The Future of Books, Not Bound by Anything

The Economist published an article of the same title towards the end of March. I’ve been waiting for free time as scarce as the rainfall in this country these days so the read has been pretty much mentioned in several threads by now already.

Anyway the article talks about the phenomenon of digitizing books. It was apt to start off by mentioning Google‘s mention of its endeavors towards that direction through among the many efforts towards realizing an unbounded environment for information.

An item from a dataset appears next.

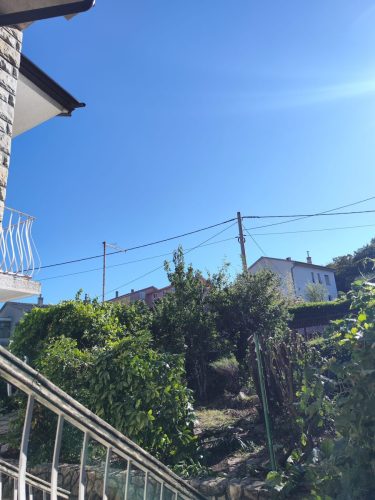 Piljenje-lovora-i-tresnje-na-Vezici-4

With the many issues arising from digitizing books raised, even the basic definition of a book has been obscured. The seemingly relevant analogy of e-books to other digital formats such as digitized music even adds to the uncertainty on the future of the traditional publication form, not to mention possible legal issues that will likely arise just as when music albums have been unbundled as well. Throw in its effect on the reading individual and I’m definitely looking at this more closely.

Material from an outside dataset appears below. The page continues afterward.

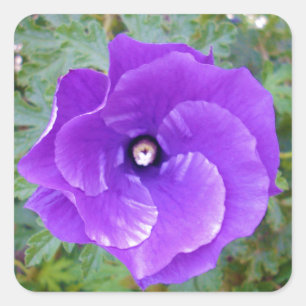 Sticker Carré Deep Purple Hibiscus Flower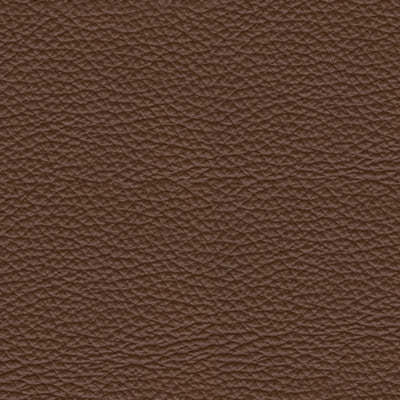 Loveseat reclinable eléctrico VonRyan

Among the early casualties of the movement were published encyclopedias as their online counterparts have rendered them practically obsolete. For someone who grew up relying on the former as primary reference or starting point for research, the change sure didn’t go unnoticed. On a more massive scale of obsolescence into the future, it does seem to point to having bookstores and libraries lined up in the domino queue.

I am inclined to believe however that published books won’t still go away. Apart from behavioral considerations on reading cultivated by human society over several centuries, I’ve heard the same concerns somewhat raised more than a decade ago yet I have yet to see a hard hitting effect of the movement comparable to that which hit the recording industry though.